Reuters Yahoo News 9 Dec 13;

OSLO (Reuters) - Ancient farming practices, such as raising fish in rice paddies in China or Aboriginal Australian fire controls, will get a new lease of life under plans to slow extinctions of animals and plants, experts said on Monday.

Turning to traditional farming is seen as a way of limiting what U.N. studies say is the worst spate of extinctions since the dinosaurs vanished 65 million years ago, driven by a rising human population that is wrecking natural habitats.

A 115-nation group seeking to protect the diversity of wildlife, which underpins everything from food supplies to medicines, will look at ways to revive and promote indigenous peoples' practices at talks in Turkey from December 9-14.

"Indigenous and local knowledge ... has played a key role in arresting biodiversity loss and conserving biodiversity," Zakri Abdul Hamid, founding chair of the Intergovernmental Platform on Biodiversity and Ecosystem Services (IPBES), told Reuters.

The idea is partly to compare traditional farming around the world and see if the practices can be used in other nations.

Among ideas, raising fish in the waters of rice paddies, a practice used in south China for 1,200 years and in some other Asian nations, can reduce pests. Most modern rice paddies are not used to raise fish.

Farming the two together "reduces by 68 percent the need for pesticides and by 24 percent the need for chemical fertilizer compared with monocultures", an IPBES report said. Pesticides often kill many more species than those targeted.

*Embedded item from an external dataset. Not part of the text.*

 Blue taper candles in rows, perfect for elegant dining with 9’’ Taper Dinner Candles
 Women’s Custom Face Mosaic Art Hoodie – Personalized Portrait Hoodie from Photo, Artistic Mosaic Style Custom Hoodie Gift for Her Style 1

And in countries including Australia, Indonesia, Japan and Venezuela, traditional burning of small patches of countryside can create a mosaic of firebreaks that prevents the spread of devastating blazes in the dry season, it said.

WILDFIRES, ARCTIC

Small fires mean that wildlife can get out of harm's way more easily than in a big fire, reducing risks of extinctions.

In Australia, such protection generates carbon credits for Aborigines by slowing deforestation - a source of up to a fifth of man-made greenhouse gases blamed for causing global warming.

In June, Australia's Indigenous Land Corporation said it sold 25,000 tonnes of carbon credits for savannah burning, the first such open market sale, to Chevron for more than $A20 ($18.20) a tonne.

Trees and other plants absorb carbon dioxide, the main greenhouse gas from human activities, from the air as they grow and release it when they burn or rot.

Sam Johnston, an Australian expert at the U.N. University's Institute for Advanced Studies, said carbon markets might be used elsewhere. "We've found almost identical conditions in parts of Africa and Latin America," he told Reuters.

Other examples of traditional knowledge include pits dug on Tanzanian hillsides to collect rainfall in the rainy season to limit erosion, or weather observations by Inuit people in the Arctic to complement satellite data about melting ice.

And many Pacific island communities safeguard fish stocks around coral reefs, for instance by declaring some areas sacred sites that are then off limits to fishing.

Anne Larigauderie, incoming executive secretary of IPBES, said indigenous peoples often felt ignored by government planners. "There is a great need for recognition and acceptance of their knowledge," she said.

Other efforts to slow extinctions include creating more protected areas and enforcing laws on wildlife protection.